So I think that's what I sardined into a bush taxi (7 adults in a car the size of an 80 civic, all men accept me. when I say sardined I mean it!) to share with you all.

Happy belated Birthday to all the Scorpios (especially Justine, they have karioké here too, but its just not the same, 80's is nothing special...its what we listen to regularly!).

Love you all! Miss you like crazy!
Take Care,
Kim

Nov.23, 2005

Silent Night and the Dry Season

Hi everyone,
Lots to talk about this week was filled with new learning experiences. To begin with, Vogan is the town of focus for this year's World AIDS day in Togo which means the president may be visiting. I told the guys I work with not to assign me there cause I may say something stupid, they laughed...but I was serious. So turns out Togo's move toward democracy will have lots to do with the world cup. The national team qualified for the first time in history and the world cup association is possibly going to exclude them for political reasons. Holy crap! Who knew the national sports team would cause such a huff. Awesome, the pressure is now on for some reform. I was told that a news show broadcast the president making some promises to discuss with the opposition (who has been fighting for' a real democratic system for years) about certain policies. Everyone is hoping that this will really happen and that some change will spring out of this.
So, you Christmas carolers will be happy to know that silent night has been translated into Ewé and I plan to learn the words. Zanweelo means good night. The Catholics were out in abundance last Sunday to celebrate lent (I think) in true African style. They sang and danced and drummed through Vogan's main artery. Beautiful. I think the only other town I've seen more Churches per capita is Stanstead. And even then, they hold a strong fight, cause people actually go to them here!
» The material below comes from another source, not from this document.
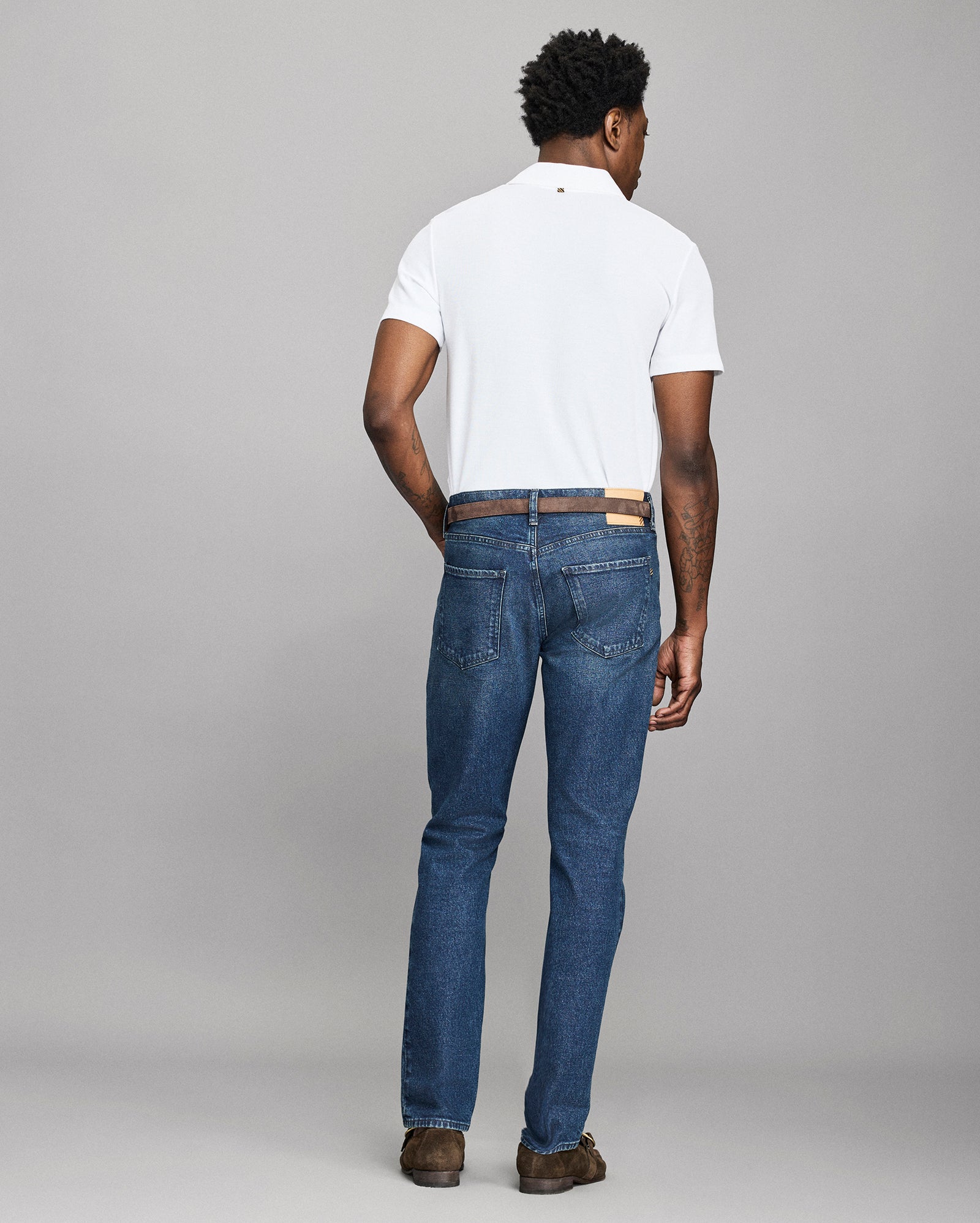 Man wearing blue jeans and a white shirt on a gray background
The dry season is hot. My tolerance is low for heat as most of you know, but the sun is crazy. I officially only drive my bike to work in the morning and evening. My African dad brings me home for sieste. Dry season has also brought a lot of creatures into my room. So far I have housed two lizards, a mouse and about 15 huge spiders.
Highlight of the past week was going to Aného with two of my host brothers. They are both in there 20s and have never set foot in the ocean....until I brought them to the beach on Saturday. It was like seeing two grown kids. Most people here are afraid of water (the undertow is quite strong we couldn't go far at all), so don't learn how to swim. So we dipped. Pretty cool, and refreshing. I got sun burnt of course.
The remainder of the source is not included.